I've either pulled a muscle in the left hand side of my chest thats causing pain there and down my arm. This is perfectly possible as I was doing repetitive work on the weekend which could have caused this. Not lifting heavy stuff, just bending and stretching.

I could be having a panic attack. This is also possible. I'm at work, have a project that I estimated would cost around £150k, but they've moved the goalposts and now will cost closer to £250k and there's no money and I need to sort it out (hence my procrastination on Mumsnet this morning - I will deal with it later).

Or the pain in my chest and down my arm could be a heart attack. Kind of possible being an overweight smoker, but I'm not grey faced and can breath, and as I have no other symptoms and can come here and type without keeling over, I suspect not.

Its possibly combination of 1 &2. i.e.

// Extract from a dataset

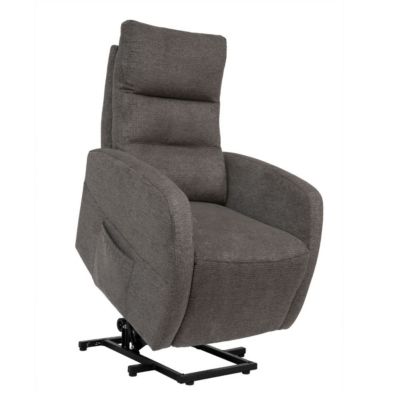 Fauteuil relax releveur tissu polyester gris foncé chiné - NYMPHAEA
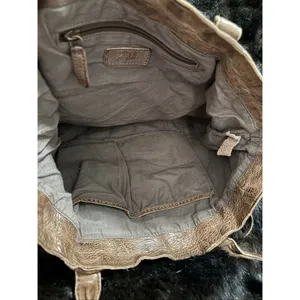 Vintage FRYE brown crinkled leather tote bag with shoulder strap 16x12 thumbnail 5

I've pulled a muscle in my chest, but with the stress at work and getting the idea into my head that I could be having a heart attack, I'm having a small panic attack.

So, the question is, do I

1. Take ibuprophen as I've pulled a muscle.
2. Take diazepam as I'm having a panic attack
3. Go to A&E where they will tell me that I've pulled a muscle and am having a panic attack and recommend that I take some ibuprophen and diazepam, OR
4. Call my CPN and make it her problem?

stripeyjimjams Mon 08-Apr-13 11:23:31

I know it's a PITA, but how about NHS 24, as it could well be purely physical? Either that or your CPN. And try not to think of it as a heart attack - a friend of mine presented at A+E with your exact symptoms. It was a combination of panic attack and a repetitive strain injury which had just surfaced. Hope you're OK, don't worry.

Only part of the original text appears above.